This is the most performant (classic) option in my tests that I haven’t seen mentioned above

var r = Vector3.zero;
for(int i = 0; i < C; i++) {
  r.x = a.x + b.x;
  r.y = a.y + b.y;
  r.z = a.z + b.z;
}

On my machine I get (for 100M iterations):
800 ms for var r = a + b (likely because the operator isn’t inlined)
550 ms for custom component-wise addition var r = new Vector3(a.x + b.x, ...)
280 ms for the example above

I think it’s because the same struct is repurposed so the stack size stays the same.
You’d still have to store this result to some data structure, and this I believe is the main bottleneck depending on how local your array (or whatever you’re using) is.

I.e. just doing this

Vector3 r = Vector3.zero;
Vector3[] x = new Vector3[C];
for(int i = 0; i < C; i++) {
  r.x = a.x + b.x;
  r.y = a.y + b.y;
  r.z = a.z + b.z;
  x[i] = r;
}

now costs 600 ms for 100M iterations (allocation is included, it’s 400 ms without it).
Yet this still means 6 nanoseconds per iteration, on my 10+ years old i5 processor.

In a game with 60 FPS you’ve got more than 16 million nanoseconds of time, so you should be able to comfortably do over 2M iterations in real time.
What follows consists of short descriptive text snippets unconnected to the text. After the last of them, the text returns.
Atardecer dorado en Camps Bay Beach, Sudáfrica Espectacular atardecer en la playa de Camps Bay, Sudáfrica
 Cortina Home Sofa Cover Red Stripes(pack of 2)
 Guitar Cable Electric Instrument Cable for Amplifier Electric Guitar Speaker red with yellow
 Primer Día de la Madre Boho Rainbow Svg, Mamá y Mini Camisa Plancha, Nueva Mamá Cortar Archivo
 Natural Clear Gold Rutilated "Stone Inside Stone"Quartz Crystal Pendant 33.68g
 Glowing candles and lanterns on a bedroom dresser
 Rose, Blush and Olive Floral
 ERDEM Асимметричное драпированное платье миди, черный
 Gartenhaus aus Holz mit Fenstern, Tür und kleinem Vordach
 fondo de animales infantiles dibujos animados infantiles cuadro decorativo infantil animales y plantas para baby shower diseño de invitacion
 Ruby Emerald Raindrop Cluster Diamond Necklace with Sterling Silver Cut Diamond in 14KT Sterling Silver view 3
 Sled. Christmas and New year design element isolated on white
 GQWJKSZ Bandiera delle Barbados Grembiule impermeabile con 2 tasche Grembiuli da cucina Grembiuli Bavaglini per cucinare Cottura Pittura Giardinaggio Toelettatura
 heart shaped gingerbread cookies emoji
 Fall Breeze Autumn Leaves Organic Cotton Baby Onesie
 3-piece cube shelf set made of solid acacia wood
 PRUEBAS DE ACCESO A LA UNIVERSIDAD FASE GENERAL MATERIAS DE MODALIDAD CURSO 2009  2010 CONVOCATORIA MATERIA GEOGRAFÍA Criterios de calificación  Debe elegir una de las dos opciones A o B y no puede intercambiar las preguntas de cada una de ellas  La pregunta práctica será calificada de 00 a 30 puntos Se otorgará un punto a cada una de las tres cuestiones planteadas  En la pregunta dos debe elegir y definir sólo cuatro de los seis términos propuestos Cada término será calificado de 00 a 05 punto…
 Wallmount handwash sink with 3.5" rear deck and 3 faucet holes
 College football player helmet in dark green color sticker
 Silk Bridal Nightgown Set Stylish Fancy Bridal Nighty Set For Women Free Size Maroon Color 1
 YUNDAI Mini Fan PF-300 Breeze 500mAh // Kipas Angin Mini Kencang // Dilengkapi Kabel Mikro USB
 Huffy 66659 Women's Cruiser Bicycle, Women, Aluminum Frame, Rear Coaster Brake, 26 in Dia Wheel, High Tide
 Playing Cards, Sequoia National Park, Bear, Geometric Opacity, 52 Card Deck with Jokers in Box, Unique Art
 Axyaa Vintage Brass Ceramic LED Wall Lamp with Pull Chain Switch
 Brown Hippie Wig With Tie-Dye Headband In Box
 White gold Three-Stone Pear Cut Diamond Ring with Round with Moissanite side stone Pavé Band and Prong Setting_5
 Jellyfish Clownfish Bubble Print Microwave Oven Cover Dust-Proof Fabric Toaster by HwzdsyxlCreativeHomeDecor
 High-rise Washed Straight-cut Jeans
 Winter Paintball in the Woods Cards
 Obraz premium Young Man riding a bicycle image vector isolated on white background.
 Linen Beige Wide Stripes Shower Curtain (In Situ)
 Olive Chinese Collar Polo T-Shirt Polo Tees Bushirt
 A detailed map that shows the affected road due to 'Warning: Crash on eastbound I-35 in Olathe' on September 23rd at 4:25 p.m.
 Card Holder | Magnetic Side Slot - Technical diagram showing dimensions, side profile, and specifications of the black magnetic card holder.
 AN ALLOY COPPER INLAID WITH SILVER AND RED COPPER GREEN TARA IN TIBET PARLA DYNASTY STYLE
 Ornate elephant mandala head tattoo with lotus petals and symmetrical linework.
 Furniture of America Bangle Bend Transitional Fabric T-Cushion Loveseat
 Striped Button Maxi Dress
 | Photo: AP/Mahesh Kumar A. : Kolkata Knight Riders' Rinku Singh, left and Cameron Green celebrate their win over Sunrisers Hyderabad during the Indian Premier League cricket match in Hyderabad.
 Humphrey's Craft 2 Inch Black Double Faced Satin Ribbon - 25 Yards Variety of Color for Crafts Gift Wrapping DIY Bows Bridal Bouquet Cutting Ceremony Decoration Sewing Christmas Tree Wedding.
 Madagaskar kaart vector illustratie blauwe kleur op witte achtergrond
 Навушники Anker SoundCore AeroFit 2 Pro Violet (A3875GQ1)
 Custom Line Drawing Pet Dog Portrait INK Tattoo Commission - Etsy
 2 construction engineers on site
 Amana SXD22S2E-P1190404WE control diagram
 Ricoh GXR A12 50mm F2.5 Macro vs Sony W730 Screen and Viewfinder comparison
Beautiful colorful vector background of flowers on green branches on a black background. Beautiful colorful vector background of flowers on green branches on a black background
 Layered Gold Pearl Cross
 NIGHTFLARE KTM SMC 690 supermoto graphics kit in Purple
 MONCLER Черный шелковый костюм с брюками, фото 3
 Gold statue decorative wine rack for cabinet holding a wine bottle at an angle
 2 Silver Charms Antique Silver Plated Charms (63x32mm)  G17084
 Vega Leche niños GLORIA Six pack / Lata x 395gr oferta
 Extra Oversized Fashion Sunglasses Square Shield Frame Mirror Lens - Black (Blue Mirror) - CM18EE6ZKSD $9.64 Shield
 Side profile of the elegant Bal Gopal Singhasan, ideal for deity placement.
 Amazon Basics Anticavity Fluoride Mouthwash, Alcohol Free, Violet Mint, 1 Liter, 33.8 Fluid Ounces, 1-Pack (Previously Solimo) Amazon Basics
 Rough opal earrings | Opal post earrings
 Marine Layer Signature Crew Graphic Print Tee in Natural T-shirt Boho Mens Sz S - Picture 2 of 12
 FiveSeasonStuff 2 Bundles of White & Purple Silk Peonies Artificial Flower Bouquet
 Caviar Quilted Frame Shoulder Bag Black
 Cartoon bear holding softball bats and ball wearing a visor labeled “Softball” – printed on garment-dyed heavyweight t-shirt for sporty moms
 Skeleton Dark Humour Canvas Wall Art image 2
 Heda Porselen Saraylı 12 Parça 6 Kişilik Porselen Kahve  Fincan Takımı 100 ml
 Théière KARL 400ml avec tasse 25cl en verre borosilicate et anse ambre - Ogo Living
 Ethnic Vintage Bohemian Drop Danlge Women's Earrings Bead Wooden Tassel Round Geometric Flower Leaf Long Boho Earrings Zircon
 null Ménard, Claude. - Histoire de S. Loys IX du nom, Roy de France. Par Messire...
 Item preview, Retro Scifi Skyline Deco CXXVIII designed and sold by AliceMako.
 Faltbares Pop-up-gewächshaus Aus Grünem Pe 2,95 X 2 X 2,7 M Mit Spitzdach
If you need 100M than you’d have to distribute the load over multiple frames (in this case 50 frames would be enough, which would take just 0.833 seconds of real time).

Edit:
Now maybe this kind of test is too naive and triggers some unseen optimization, and a and b should really be randomized in their own respective arrays as well.

2 Likes

I understand that the deep profile may be misleading so I made a new benchmark, using the stopwatch.

The function is this, running 100 million times. x,y,z replaced by “i”.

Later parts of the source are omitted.